I’m sitting in front of my computer, shaking my head.
British Columbia must be setting some kind of record for the greatest number of bizarre, weather-related incidences in a calendar year. Just when I thought we’d seen everything, Dec. 1 arrived with record breaking warmth.
Normally, this would be interpreted as good news but not when you think of the effect it might bring with it. Melting snow is going to add to the already overwhelmed rivers and creeks, not to mention increasing the risk of avalanches.
Will the strangeness of 2021 end in a few weeks, or carry on through 2022? The answer is unknown. Humans have a need for both certainty and uncertainty. Too much or too little of either can detract from our feelings of happiness.
If you’re certain about what’s around every corner, life can become predictable and boring. If you’ve got no idea what to expect, you may feel insecure or unsafe. In a perfect world, everyone would have just the right balance between those two things. A sufficient amount of newness to keep things interesting, and routine to help you feel secure.
If you’re like me, your Christmas plans may include travel for yourself or family members. You may be feeling a little anxious. What if they can’t come? What if I can’t leave? Is this holiday going to be as bad as last year? If you’re caught up in this type of situation, your level of uncertainty maybe be spinning out of control, causing you to feel more emotional pain than usual.
Emotional suffering tends to be fuelled by thoughts of past regrets and anxiety about the future.
If you want to be happy, even though you have no idea whether your Christmas plans are going to come to fruition or not, pull yourself out of the past and back from the future.
Here are 10 tips to help you do that.
• Shift your attention—When you notice yourself getting caught up in regret or worry, consciously choose to ground yourself back into the present.

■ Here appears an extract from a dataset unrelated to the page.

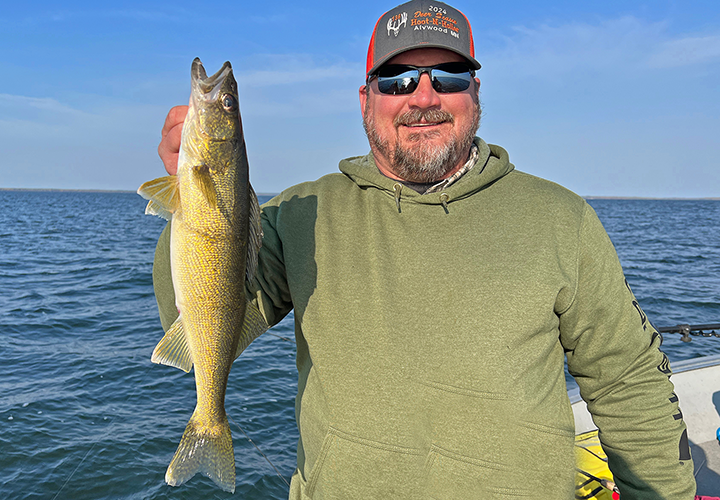 image of Ryan Eberhardt with nice walleye caught on Lake Winnie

Concentrate on your breathing. Notice details of your surroundings. Take a drink of your coffee, tea or water and notice the sensations on your lips, tongue, mouth and throat.
• Do something you can control—You can’t control the weather, the pandemic or choices that other people make. Stop wishing you could. Instead, do something you can control. Clean the bathrooms, write your Christmas cards or get some exercise. This will help boost your feelings of certainty and help balance you out.
• Don’t believe everything you think—Just because a thought goes through your head, doesn’t mean it’s accurate or even true. Your brain is a complex organ that’s designed to protect you. Sometimes it falls into ancient programming that doesn’t serve your modern environment.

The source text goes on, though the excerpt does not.